Admiral Wharf and Clipper Wharf in London Dock

Next, the three-bedroom, $7.6 million (£5 million) apartment also within Central London but outside the Golden Post Codes, in West End areas such as Fitzrovia and Covent Garden and with good access to the best restaurants and cultural treats, has a strong appeal. With many investors buying these homes as a family base for three or four months of the year, variety needs to be on the menu.

Finally, the super-apartment such as the penthouse at the top of the famous Centre Point tower at the junction of Oxford Street and Tottenham Court Road also has a strong appeal as a long-term trophy investment.

The key to Centre Point and many of the other locations favoured by younger Middle Eastern investors is Crossrail. Our new rail route under London from Heathrow in the west to Woolwich in the east will `shrink’ Central London, dramatically cutting travel times.

A trip from Paddington to the west of Central London to Canary Wharf to the east now takes 40 minutes on a good day. When Crossrail opens in 2018 the journey time will be cut to 17 minutes.

Middle Eastern buyers ‘get’ infrastructure: no one understands the transformative effects of improved transport more than people who have seen the dramatic improvements in their own region over the last 25 years.

If Middle Eastern buyers of property are spreading across London in the wake of the General Election, what are developers from the region doing to capitalise as well?

Qatari Diar’s Chelsea Barracks is now progressing, and with UAE developer Damac Properties advancing plans for its Tower 50 project at Nine Elms on the South Bank a new breed of Middle Eastern-backed developments is under way.

Developers from the region want to spread their risk and diversify, and see London as the ideal safe haven.

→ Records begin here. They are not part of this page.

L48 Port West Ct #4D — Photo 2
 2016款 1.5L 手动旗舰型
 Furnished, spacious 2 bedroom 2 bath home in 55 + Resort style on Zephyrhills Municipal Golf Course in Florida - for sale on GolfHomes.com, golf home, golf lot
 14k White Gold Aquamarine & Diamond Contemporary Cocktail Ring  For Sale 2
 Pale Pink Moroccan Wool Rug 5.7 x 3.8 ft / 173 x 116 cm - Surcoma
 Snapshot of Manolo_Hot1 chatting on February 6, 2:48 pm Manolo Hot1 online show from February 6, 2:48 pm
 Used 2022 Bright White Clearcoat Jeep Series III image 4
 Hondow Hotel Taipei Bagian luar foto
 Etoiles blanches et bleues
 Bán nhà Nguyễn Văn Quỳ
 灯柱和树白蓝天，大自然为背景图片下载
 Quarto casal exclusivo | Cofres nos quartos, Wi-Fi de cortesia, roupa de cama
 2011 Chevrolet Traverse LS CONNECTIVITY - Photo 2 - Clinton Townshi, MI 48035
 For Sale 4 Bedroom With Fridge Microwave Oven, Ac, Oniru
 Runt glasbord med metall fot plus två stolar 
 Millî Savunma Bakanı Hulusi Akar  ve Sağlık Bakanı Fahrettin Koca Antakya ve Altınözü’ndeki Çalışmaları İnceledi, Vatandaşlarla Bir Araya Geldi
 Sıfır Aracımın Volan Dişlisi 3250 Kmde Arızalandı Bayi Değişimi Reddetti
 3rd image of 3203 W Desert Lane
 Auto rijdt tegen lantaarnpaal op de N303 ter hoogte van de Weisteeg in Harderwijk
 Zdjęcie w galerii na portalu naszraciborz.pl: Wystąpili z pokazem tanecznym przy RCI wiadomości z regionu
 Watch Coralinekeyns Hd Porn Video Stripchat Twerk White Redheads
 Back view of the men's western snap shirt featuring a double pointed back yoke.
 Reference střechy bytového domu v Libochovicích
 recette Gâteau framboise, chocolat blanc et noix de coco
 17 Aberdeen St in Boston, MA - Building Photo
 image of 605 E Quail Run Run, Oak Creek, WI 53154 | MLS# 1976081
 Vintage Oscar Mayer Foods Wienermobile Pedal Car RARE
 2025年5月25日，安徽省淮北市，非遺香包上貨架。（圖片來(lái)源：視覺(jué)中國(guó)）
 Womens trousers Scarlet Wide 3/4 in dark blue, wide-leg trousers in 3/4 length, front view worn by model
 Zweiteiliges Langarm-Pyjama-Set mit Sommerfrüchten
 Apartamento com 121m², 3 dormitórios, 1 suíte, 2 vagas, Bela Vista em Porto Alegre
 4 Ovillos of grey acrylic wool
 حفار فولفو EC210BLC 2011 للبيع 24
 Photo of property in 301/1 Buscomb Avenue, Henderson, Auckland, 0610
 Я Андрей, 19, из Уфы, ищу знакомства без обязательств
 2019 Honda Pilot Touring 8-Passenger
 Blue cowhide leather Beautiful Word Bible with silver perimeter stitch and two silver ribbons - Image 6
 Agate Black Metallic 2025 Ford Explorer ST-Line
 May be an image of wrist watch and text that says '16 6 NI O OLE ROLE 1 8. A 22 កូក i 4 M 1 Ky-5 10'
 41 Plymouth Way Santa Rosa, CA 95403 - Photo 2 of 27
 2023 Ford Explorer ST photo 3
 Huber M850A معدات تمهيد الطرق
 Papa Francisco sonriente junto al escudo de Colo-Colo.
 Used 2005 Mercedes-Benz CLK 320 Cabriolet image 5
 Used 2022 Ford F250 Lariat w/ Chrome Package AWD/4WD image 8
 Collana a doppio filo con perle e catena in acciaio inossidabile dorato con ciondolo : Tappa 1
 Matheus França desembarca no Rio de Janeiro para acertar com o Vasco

They like the confidence shown across the globe in the UK market.

This has seen house prices rise by 143 percent in the last 10 years in Westminster, 20 percent in the last year in Lambeth and 16 percent in the last year in Wandsworth (which includes Nine Elms).

Although Chelsea Barracks is a low-rise scheme, Middle Eastern developers generally want to build towers in London that can be marked out by new levels of luxury and lifestyle, and offering trophy assets that stand out from the crowd.

In a globally competitive market, Middle Eastern developers understand the need to create projects that are distinctive – but they are also interested in mid-market projects that are available to rent.

With many middle-income Londoners unable to afford mortgage finance or large deposits to buy their own homes, Middle Eastern investors are also interested in the steady income stream from flats let to young professionals. Qatari Diar’s East Village – originally built to house athletes for the 2012 London Olympics – is a case in point.

London is changing before our eyes: many visitors remark that it is rapidly becoming a high-rise city, and Middle Eastern buyers and developers are in the vanguard of that transformation.

Mark Collins, chairman of UK Residential at CBRE.